◆ **Your task**
Look through the entries below and report every line that has "with".

◆ **Records supplied**
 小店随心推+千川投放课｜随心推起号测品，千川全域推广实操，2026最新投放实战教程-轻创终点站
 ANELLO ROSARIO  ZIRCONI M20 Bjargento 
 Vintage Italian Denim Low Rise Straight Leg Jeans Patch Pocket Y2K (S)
--
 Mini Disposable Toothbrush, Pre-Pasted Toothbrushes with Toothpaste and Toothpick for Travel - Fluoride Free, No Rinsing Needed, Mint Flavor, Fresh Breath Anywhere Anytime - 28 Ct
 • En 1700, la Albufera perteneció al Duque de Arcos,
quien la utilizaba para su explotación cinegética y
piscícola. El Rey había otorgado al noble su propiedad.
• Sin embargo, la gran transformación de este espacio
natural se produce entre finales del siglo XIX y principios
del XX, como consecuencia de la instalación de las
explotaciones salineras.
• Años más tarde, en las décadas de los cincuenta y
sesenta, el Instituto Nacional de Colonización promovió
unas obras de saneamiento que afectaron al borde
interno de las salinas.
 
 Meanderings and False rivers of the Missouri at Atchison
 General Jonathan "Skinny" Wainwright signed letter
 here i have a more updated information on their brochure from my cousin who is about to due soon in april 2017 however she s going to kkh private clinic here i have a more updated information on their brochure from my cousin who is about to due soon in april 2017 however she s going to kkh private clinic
...
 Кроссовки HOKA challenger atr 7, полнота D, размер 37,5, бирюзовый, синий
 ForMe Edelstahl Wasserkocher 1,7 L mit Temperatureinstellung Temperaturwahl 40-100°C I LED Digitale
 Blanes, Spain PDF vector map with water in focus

◆ **Answer to the exercise**
 Mini Disposable Toothbrush, Pre-Pasted Toothbrushes with Toothpaste and Toothpick for Travel - Fluoride Free, No Rinsing Needed, Mint Flavor, Fresh Breath Anywhere Anytime - 28 Ct
 Blanes, Spain PDF vector map with water in focus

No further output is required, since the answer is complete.